Web site visitor Jill Williams of Appleton, WI writes:
My oldest child (8 years old) would like to know why the Dollar is called a "Dollar." This is one I couldn't answer. Can you help us out?
I answered: "Great question. There's a long and short answer. The short one is that the word "dollar" was based on older silver coins about the same size, called daalder, daler, or taler in various languages.

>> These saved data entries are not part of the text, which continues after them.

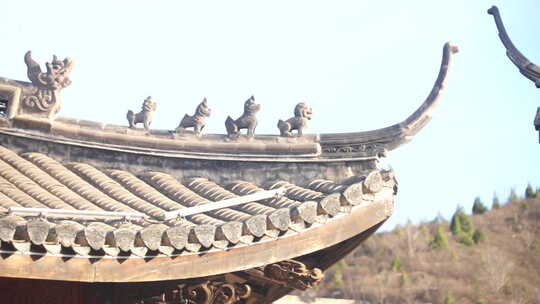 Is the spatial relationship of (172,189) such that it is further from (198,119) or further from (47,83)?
(47,83)

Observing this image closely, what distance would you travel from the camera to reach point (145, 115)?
30.3ft

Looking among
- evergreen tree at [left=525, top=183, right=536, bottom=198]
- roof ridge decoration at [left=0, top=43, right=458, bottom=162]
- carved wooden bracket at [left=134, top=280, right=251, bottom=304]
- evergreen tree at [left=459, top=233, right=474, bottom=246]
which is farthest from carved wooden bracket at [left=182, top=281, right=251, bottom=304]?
evergreen tree at [left=525, top=183, right=536, bottom=198]

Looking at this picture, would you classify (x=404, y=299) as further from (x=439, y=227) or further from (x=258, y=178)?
(x=258, y=178)

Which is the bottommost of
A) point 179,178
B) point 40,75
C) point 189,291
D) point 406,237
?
point 189,291

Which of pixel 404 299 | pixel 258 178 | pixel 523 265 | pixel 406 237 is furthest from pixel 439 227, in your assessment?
pixel 258 178

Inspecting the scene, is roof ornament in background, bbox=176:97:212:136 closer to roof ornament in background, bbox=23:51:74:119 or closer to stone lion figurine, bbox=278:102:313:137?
stone lion figurine, bbox=278:102:313:137

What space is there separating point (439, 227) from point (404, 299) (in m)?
10.9

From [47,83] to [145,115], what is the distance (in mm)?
958

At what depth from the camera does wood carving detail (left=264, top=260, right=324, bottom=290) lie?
7680mm

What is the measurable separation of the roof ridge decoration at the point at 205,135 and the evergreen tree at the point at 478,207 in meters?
55.3

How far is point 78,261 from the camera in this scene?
6590 mm

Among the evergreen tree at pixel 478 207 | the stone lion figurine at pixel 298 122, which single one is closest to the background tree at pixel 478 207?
the evergreen tree at pixel 478 207

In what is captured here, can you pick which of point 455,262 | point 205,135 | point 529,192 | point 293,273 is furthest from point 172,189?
point 529,192

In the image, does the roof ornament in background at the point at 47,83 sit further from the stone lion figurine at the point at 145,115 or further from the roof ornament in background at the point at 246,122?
the roof ornament in background at the point at 246,122
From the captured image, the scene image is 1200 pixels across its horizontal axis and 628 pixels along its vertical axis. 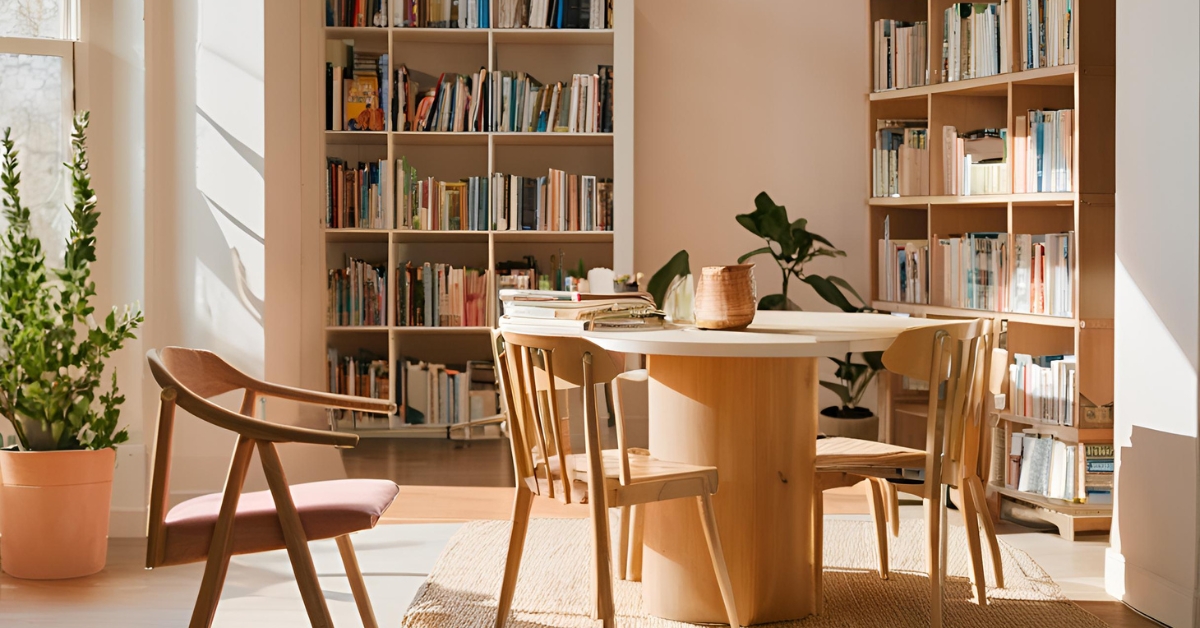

Here's a longer explanation from Wikipedia:
On the 15th of January, 1520, Count Hieronymus Schlick (Czech: Jeroným Šlik z Passounu) of Bohemia began minting coins known as Joachimsthaler, named for Joachimstal (modern Jáchymov in the Czech Republic), where the silver was mined. (In German, thal or tal refers to a valley or dale.) "Joachimsthaler" was later shortened in common usage to taler or thaler (same pronunciation) and this shortened word eventually found its way into other languages: Czech tolar, Danish and Norwegian as (rigs)daler, Swedish as (riks)daler, Dutch as (rijks)daalder, Ethiopian as ታላሪ talari, Italian as tallero, Flemish as daelder, Persian as Dare, and into English as dollar.
I also recommended:
Pictured is a "Wildman" thaler. Can anyone point to a nicely illustrated page showing the progression from early thalers to the U.S. dollar?